Despite my degree in Math, it didn’t initially occur to me that 28 umbrellas + 1 Ford Expedition = False. There was no way I could fit them all in my vehicle, so now I had to reluctantly leave them behind and come up with Plan B. A-ha! Good friend Lynne had a van – we could use that! An hour later we were driving back to the warehouse in her mobile toaster with no working air-conditioning. Opening and closing 28 beach umbrellas in their hot storage space to ensure they were in good condition had been quite the workout, so the perspiration had already begun in earnest. The loading process began once again, and again, they weren’t all going to fit. As Lynne stood by looking unconvinced, I tried to make it work. The passenger seat was framed by a mass of material and ferrules, and the 14th umbrella had nowhere to go but over the top of the handbrake and the gear shift. Basically if I had been really pigheaded we would have been stuck in first gear for the journey with no emergency brake. Luckily Lynne put her size 7 down and refused to allow me to kill us both. Out came all but five, and as the proprietors resigned themselves to being stuck with their colorful charges for a little longer, we drove off. I wracked my brain for ideas of alternative transport. Waitaminnit, waitaminnit, waitaminnit! My roommate Dermott was off the island – I could use his truck. Ah yes, it was all falling into place now! Plan C!
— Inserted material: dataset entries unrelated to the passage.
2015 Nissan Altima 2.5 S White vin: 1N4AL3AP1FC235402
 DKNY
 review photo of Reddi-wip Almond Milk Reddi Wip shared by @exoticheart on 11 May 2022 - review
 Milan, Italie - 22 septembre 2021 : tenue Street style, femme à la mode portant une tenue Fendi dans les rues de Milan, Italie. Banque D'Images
I had to transfer the five from Lynne’s van to my Expedition to take home to the truck. I tried sticking them through the side window, but they were so long and unwieldy that they would have decapitated cars coming from the other direction. As the sun beat mercilessly down upon me (ironic considering how many umbrellas I had at my disposal), I began to pull them out again. The bottom of the spokes kept whacking against the door as these gigantic things attempted to open while I pulled and swore under my breath. If opening an umbrella indoors is considered bad luck, I can’t imagine the doom that was to rain down upon me with five of them opening inside a car. Everything with these was difficult. It would have been easier to transport giraffes. Finally all five were in the back of the car and I sat down to blessed air-conditioning. Time to go home and get the truck.
I moved my cargo over to the truck as quickly as possible, and sat down on a seat that could have seared a steak. No A/C once again, but no time to quibble. I wasn’t even out of Snug Harbour before I felt something funny. I remembered Dermott’s warning that one of the tyres might have a slow leak. No – not a flat, not now! Out I got and braced myself for a pancake. Thankfully all was well – it was just a gentle shimmy courtesy of a pothole.
I baked as I drove. The truck had preheated to 400 degrees F and I was cooking like a Thanksgiving ham. I think when I arrived at the warehouse I was greeted with a touch of skepticism. Really? Were we actually going to be able to manage it this time? They began to fit them in and I went further into the oven to help as much as I could. Suddenly there was a shout in my direction. “Miss, is this a standard truck?” “Yes!” I yelled back, figuring that he wanted to reverse it to make the job easier. Nope. I had left it in neutral with no emergency brake employed, and now it was gaily slipping down the parking lot towards an infinitely more expensive automobile. He leapt in spectacular fashion from the loading area into the parking lot and sprinted to the truck which was picking up a bit of speed. Feet shoved into the tarmac like something out of the Flintstones, he managed to stop its forward motion before these umbrellas suddenly became very, very expensive.
We finally got the last one onto the load, and just for good (necessary measure) my new best friend tied both ends down with rope so no driver behind me on the road was suddenly blinded by a magnificent beach umbrella in full flying regalia.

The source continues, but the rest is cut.